By the end of this notebook, you should be able to:
1. Load CSV data into pandas DataFrame
2. Inspect dataset dimensions and structure
3. Identify data types for each feature
4. Detect missing values
5. Generate basic statistical summaries
6. Understand the target variable (G3)
7. Document initial observations

---


## 1. Import Libraries


In [None]:
# Data manipulation
import pandas as pd
import numpy as np

# Visualization
import matplotlib.pyplot as plt
import seaborn as sns

# Display settings
pd.set_option('display.max_columns', None)  # Show all columns
pd.set_option('display.max_rows', 100)      # Show up to 100 rows
pd.set_option('display.width', None)        # Auto-detect width

# Plotting style
plt.style.use('seaborn-v0_8-darkgrid')
sns.set_palette('husl')

print("Libraries imported successfully!")
print(f"Pandas version: {pd.__version__}")
print(f"NumPy version: {np.__version__}")


## 2. Load Dataset

**Note**: European CSV files often use semicolon (`;`) as delimiter instead of comma.


In [None]:
# Load the dataset
# TODO: Load data/raw/student-mat.csv
# Hint: Check the delimiter - might be ';' instead of ','

df = None  # Replace with actual loading code

print("Dataset loaded successfully!")
print(f"Shape: {df.shape}")


## 3. Initial Inspection

### 3.1 Dataset Dimensions


In [None]:
# TODO: Display number of rows and columns
# TODO: Display column names
# TODO: Display first few rows


### 3.2 Data Types


In [None]:
# TODO: Check data types of all columns
# TODO: Use df.info() to see types and non-null counts


### 3.3 Missing Values Analysis


In [None]:
# TODO: Check for missing values
# TODO: Count missing values per column
# TODO: Calculate percentage of missing values


## 4. Statistical Summary

### 4.1 Numerical Features


In [None]:
# TODO: Generate statistical summary for numerical columns
# Use df.describe() - shows count, mean, std, min, quartiles, max


### 4.2 Categorical Features


In [None]:
# TODO: Identify categorical columns
# TODO: For each categorical column, show unique values and their counts


## 5. Target Variable Analysis (G3)

Understanding our target variable is crucial!


In [None]:
# TODO: Analyze G3 (final grade)
# - Mean, median, std
# - Min and max
# - Distribution (histogram)
# - Check for any zeros (students who didn't take exam?)

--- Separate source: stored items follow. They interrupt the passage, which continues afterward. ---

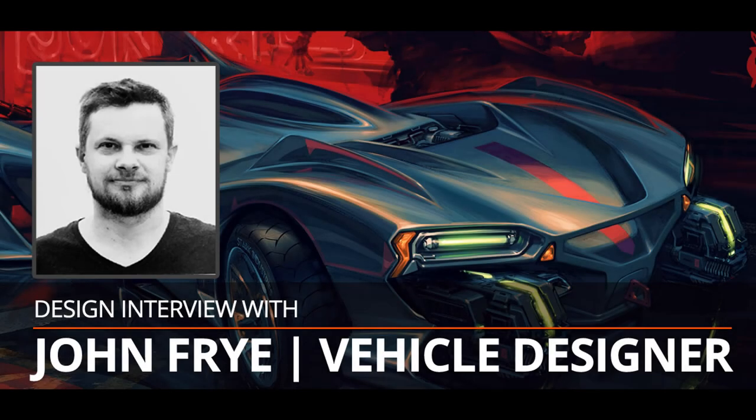Hey, what is up? What is going on? Arvind Ramakrishna here. Welcome to Driven to Draw, where I teach you how to be creative and bring your sketches to life.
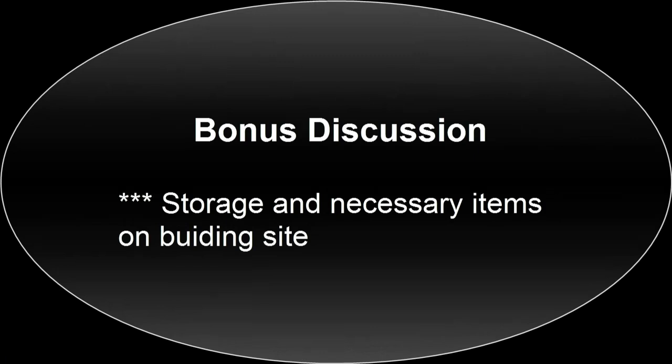For today's bonus discussion we'll be looking at what you should have ready on your site before starting construction. This was based on a comment made in one of the earlier episodes.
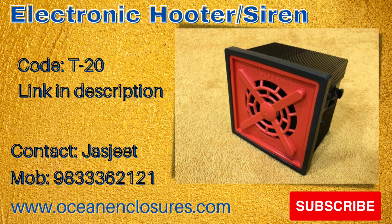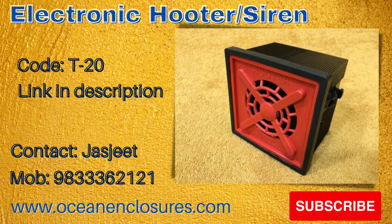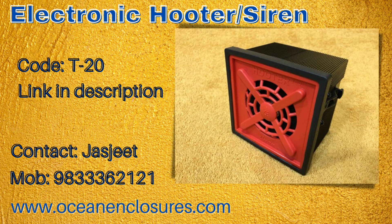Color of enclosure is black and color of front grill is red. You can call us on 983-336-2121 for any information you may require regarding this product.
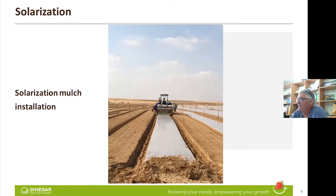I'm talking about solarization, not about TIF. This is the same field as you saw in the previous slide. The preparation — sprinklers — they gave a very good irrigation before we applied solarization. And by the way, solarization always uses a transparent film.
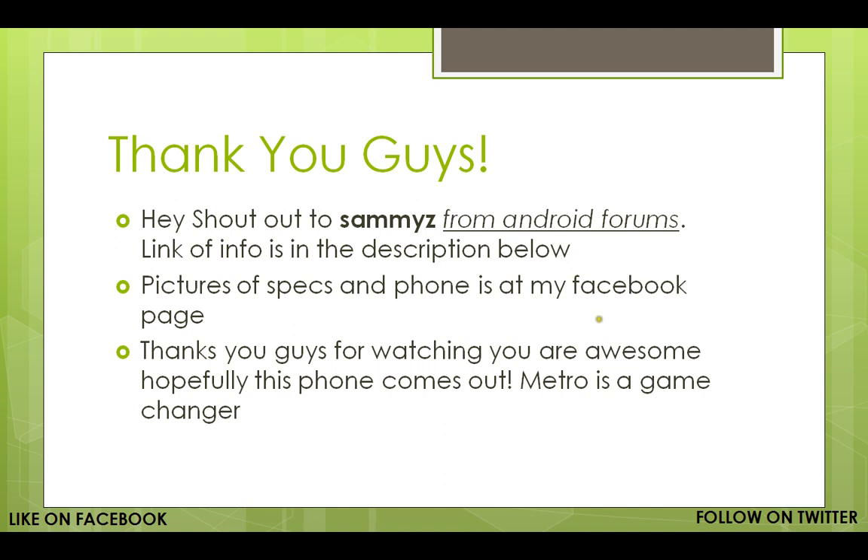If you're seeing this video now, it's coming out a bit late — I already recorded it but had to go to work and come back. Thank you guys for watching — you're awesome. MetroPCS is a game changer, you already know. Like me on Facebook at MetroPCS News and Rumors by Void2Wonder, and follow me on Twitter at Void2Wonder — B-O-I-2-W-O-N-D-E-R. Thank you guys for watching, have a blessed day, and constructive criticism is always welcome. Peace.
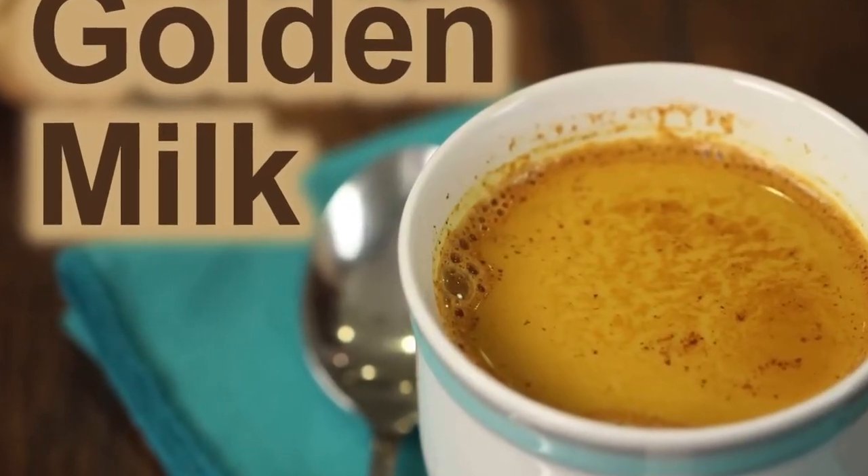This recipe is very similar to my very popular golden milk recipe, which is different in that that one has some milk alternative to it. This is much lighter, just like a regular tea, and I think you'll love it.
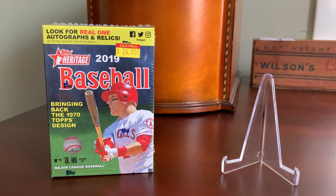Hey, what's up YouTube? Shoebox Legends here to do a box break today. As you see in front of you, we have a blaster of 2019 — coming up on two years old now — Topps Heritage Baseball. This is obviously the set that pays homage to the 1970 gray-bordered release.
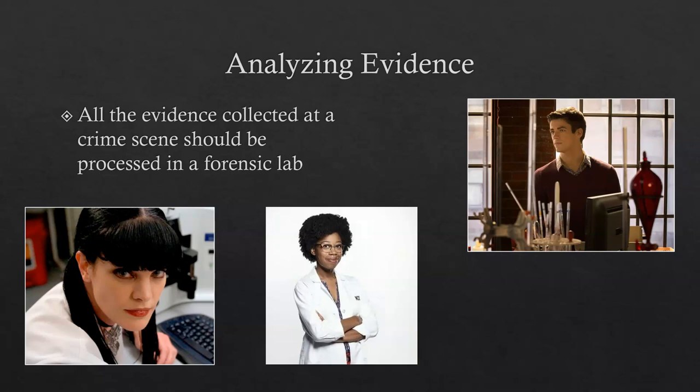All evidence collected at a crime scene should be processed in a forensic lab. There are a lot of scientific analyses that need to be performed, including chemical analysis, toxicology, and microscopy — all of which cannot be done in the field. They have to be done in a forensic lab where the equipment is.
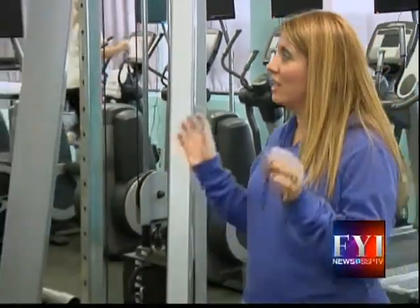Welcome back to FYI. In your community today on Mondays, we're at Core Fitness, and we're back with Christy Book, one of the owners here. We're talking about strength training and stretching.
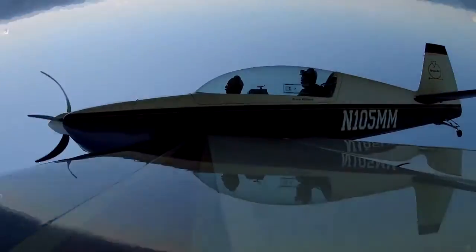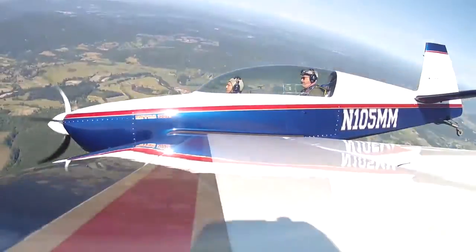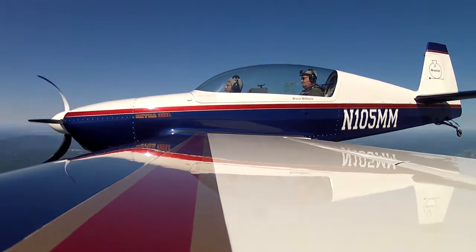Stick moves over — don't push or pull, let it come around, wings are level, bring the nose smoothly back up to the horizon.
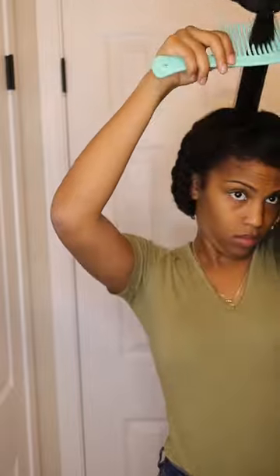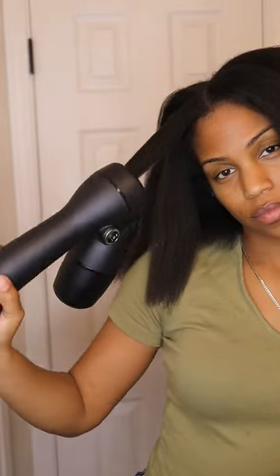Well, the only Reverse Air blow dryer — the Rev Air. You can use code Breezy10 to get 10% off. I'm going to do that all around my hair and as you can see, I get the perfect blowout.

## 6. Sample Records Inspection


In [None]:
# TODO: Display first 10 rows
# TODO: Display last 10 rows
# TODO: Display random sample of 10 rows


## 7. Data Quality Checks

### 7.1 Check for Duplicates


In [None]:
# TODO: Check for duplicate rows


### 7.2 Value Range Checks


In [None]:
# TODO: Verify value ranges make sense
# - Age should be 15-22
# - Grades (G1, G2, G3) should be 0-20
# - Binary variables should only have 2 values
# - etc.


## 8. Initial Observations & Questions

### Document your findings:

**Dataset Overview:**
- Number of students: 
- Number of features: 
- Target variable range: 

**Data Quality:**
- Missing values: 
- Duplicates: 
- Data type issues: 

**Interesting Observations:**
- 
- 
- 

**Questions for Next Phase:**
- 
- 
- 

**Challenges Identified:**
- 
- 
- 


## 9. Summary

Write a brief summary of what you learned in this phase.

---

**Next Steps**: 
1. Create conclusion document: `docs/phase_conclusions/Phase_01_Conclusion.md`
2. Document all findings and learnings
3. Prepare for Phase 2: Exploratory Data Analysis